The cases have sparked an affirmative action debate unlike any seen since the court ruled 5-4 in 1978 to outlaw racial quotas in university admissions but allowed race to be considered as a factor.
Applicants for Michigan's undergraduate classes are scored by points, with minorities, some underprivileged applicants and some athletes receiving a boost of 20 points on a scale of 150. The school also awards points based on alumni relationships, Michigan residency and residency in underrepresented Michigan counties. The law school uses a looser formula that aims for a "critical mass" in minority enrollment.

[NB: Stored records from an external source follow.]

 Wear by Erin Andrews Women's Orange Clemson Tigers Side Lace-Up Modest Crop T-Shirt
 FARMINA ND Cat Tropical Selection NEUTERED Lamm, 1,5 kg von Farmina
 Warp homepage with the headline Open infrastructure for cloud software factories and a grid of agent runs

"The goal is to have enough students from certain groups so that they don't feel isolated and so that majority students have enough interaction to have a positive educational effect," said university attorney Marvin Krislov.

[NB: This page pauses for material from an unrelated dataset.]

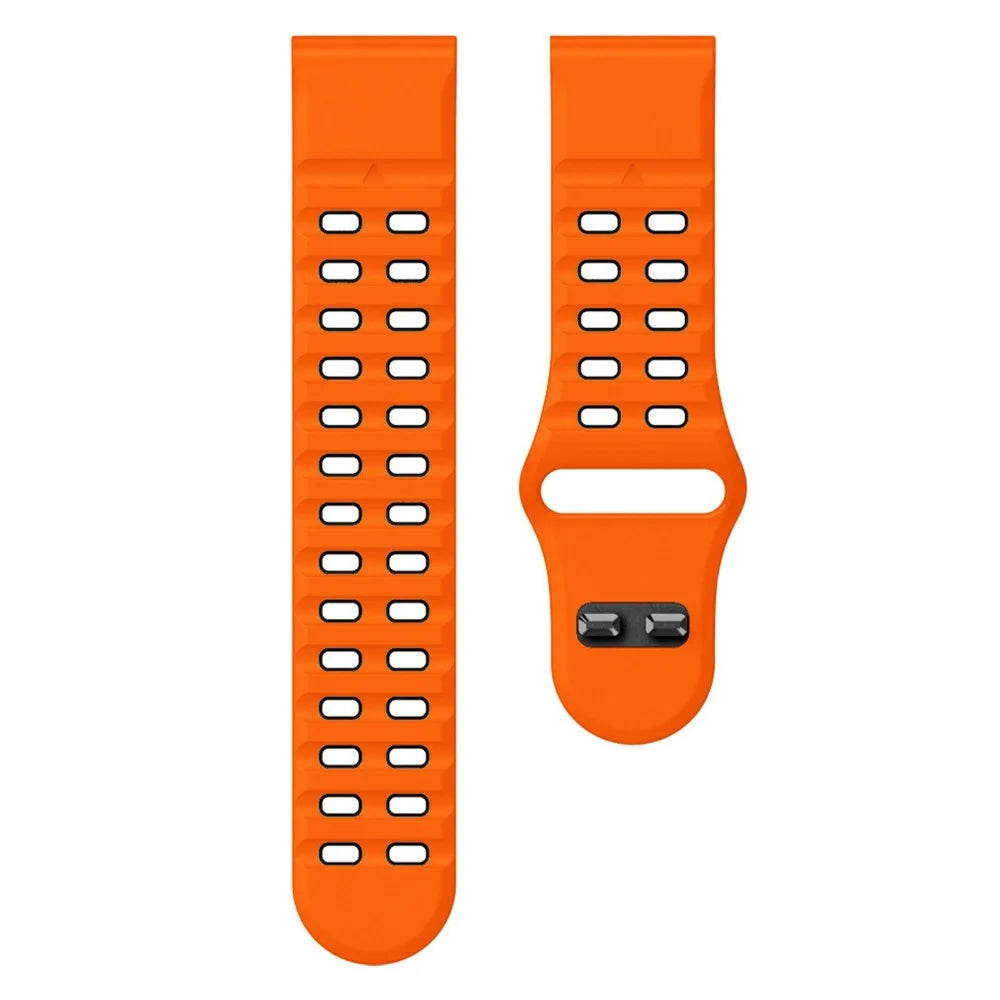 For Garmin Fenix 8 51mm / Enduro 3 / Enduro 2 Silicone Watchband Quick Release Buckle Dual Color Watch Strap - Orange+Black - 4
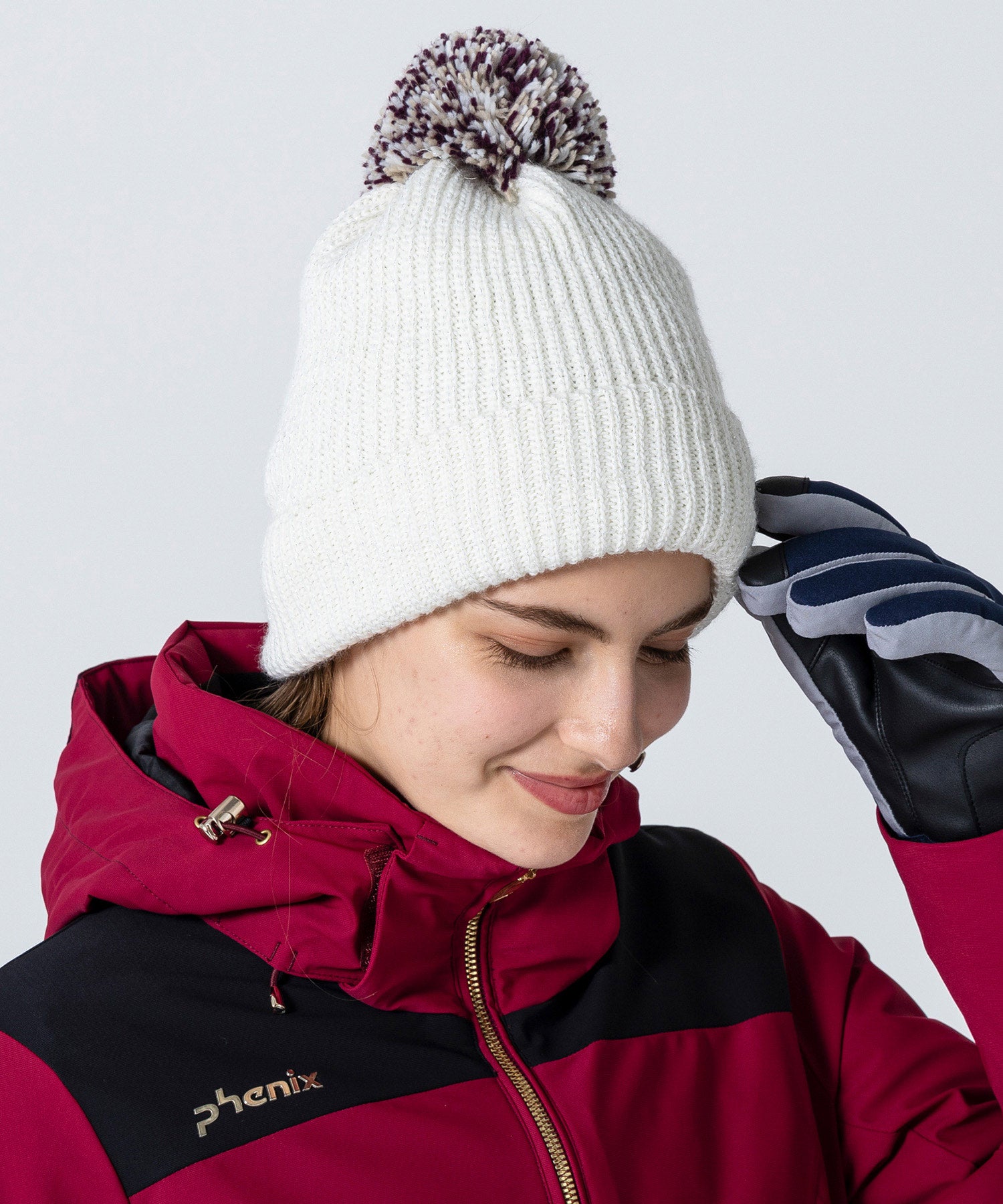 Women's Mix Pompom Bright Watch Hat White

Nearly 14 percent of the school's students are minority group members.
Opportunities lost
But for Grutter, Jennifer Gratz and Patrick Hamacher, the cases aren't just about the numbers -- they're about opportunities lost when they didn't get into the Ann Arbor school. All three plaintiffs were interviewed by phone; a lawyer for the Center for Individual Rights, which filed their lawsuits, listened in.
Shaken by the university's rejection, Gratz says she gave up a longtime ambition to study medicine. She instead earned a bachelor's degree in mathematics from the University of Michigan-Dearborn -- where she believes she got fewer opportunities than at the Ann Arbor campus.
Gratz, now 25, married, living in Oceanside, Calif. and working for a technology company, said her decision to give up medicine was made as a naive 17-year-old.
"When I received that letter, I went through a whole series of emotions. I was upset, I was embarrassed ... I lost my confidence" she said.
Gratz says her thoughts turned immediately to race, especially because she had earned a 3.8 grade point average and a 25 out of a possible 36 on her ACT college entrance exam while cheerleading, tutoring and keeping score at high school baseball games.
The university maintains that race is just one of many factors in an admissions decision, and that academic performance -- accounting for 110 points on the 150-point scale -- is the overwhelming consideration.
"Admissions is a very complicated process, not a mechanical plugging-in of numbers," Krislov said.
But Gratz says the school's argument -- that not being allowed to consider race would disproportionately affect the diversity of its student body -- proves race is a "determining factor."
The University of Michigan receives more than 25,000 applications for about 5,200 spaces in its undergraduate freshman classes. More than 5,000 apply for about 350 spots in an incoming law school class. Total enrollment is about 38,000.
"I don't feel that I was entitled to a spot at U of M, but I do feel that I had a right to a fair opportunity to apply, and they didn't provide that," said Hamacher, 24.
Hamacher, a Flint city accountant, earned his bachelor's degree from Michigan State University and will get his master's from Central Michigan University in May. He won't speculate how life would be different had he been admitted to Michigan, but "there are a lot of doors that are made available to Michigan students that I wasn't able to use."
Hamacher suggests any race considerations "endorse discrimination."
"There is racism in this country and people do look at each other differently based on the color of their skin," he says. "But to say that our public policy should not only allow that but endorse it is just not right."